You're right. I was unclear. What I meant was that the derivative $\psi'(c)$ is itself a limit, of a function of $y$, and then there is no point in later taking the $k$-limit, which is associated to the variable $y$, since the expression to which you apply this limit does not depend upon $y$.
I know I wrote "no limits at this stage" in my reply, but since I tell you to use the mean value theorem, the same remark applies to this, so I didn't express it in an entirely consistent way. On the other hand, I do tell you not to take a $k$-limit later.

15. Nov 17, 2015

### PWiz

I'm afraid this no clearer to me than before. Can you explicitly show what you mean?

16. Nov 17, 2015

### Erland

Sorry PWiz, it seems that I have not been thinking clearly...

17. Nov 18, 2015

### geoffrey159

From the demo I read :

Set
$\phi(t) = f(x+th,y+k) - f(x+th,y)$
and
$\psi(t) = f(x+h, y+tk) - f(x,y+tk)$

Since these two functions are ${\cal C}^1([0,1])$, the mean value theorem says there exists $\alpha,\beta\in[0,1]$ such that
$\phi(1) - \phi(0)= \phi'(\alpha)$ and $\psi(1) - \psi(0) = \psi'(\beta)$.

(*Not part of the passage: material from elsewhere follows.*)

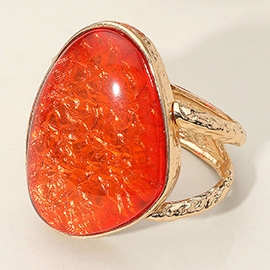 Bold Resin Stone Hinged Bangle Bracelet
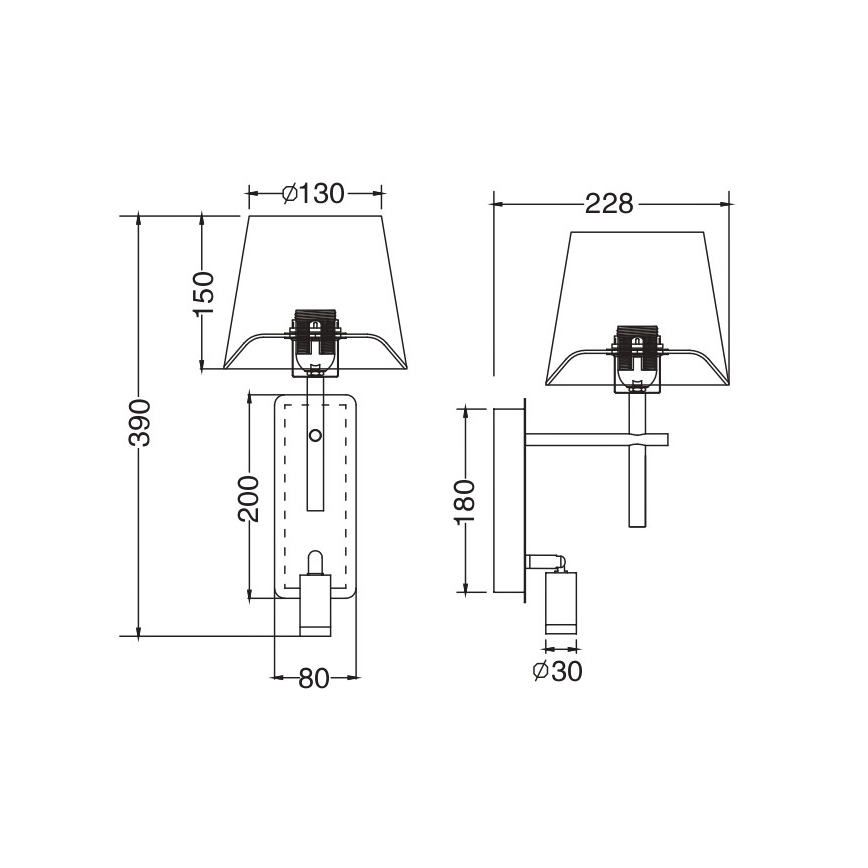 Zuma Line - LED-Wandleuchte 1xE27/40W/230V + LED/2,5W schwarz/weiß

Adapt this idea to show that there exists two functions $\tilde \phi$ and $\tilde \psi$ and $\alpha_1,\beta_1 \in [0,1]$ such that
$\phi(1) - \phi(0) = h ( \tilde \phi(1) - \tilde \phi(0) ) = hk f_{xy} (x+\alpha h, y+ \alpha_1 k)$
and
$\psi(1) - \psi(0) = k ( \tilde \psi(1) - \tilde \psi(0) ) = hk f_{yx} (x+ \beta_1 h, y+\beta k)$

You can now conclude by continuity of the mixed partial derivatives at $(x,y)$ and uniqueness of the limit.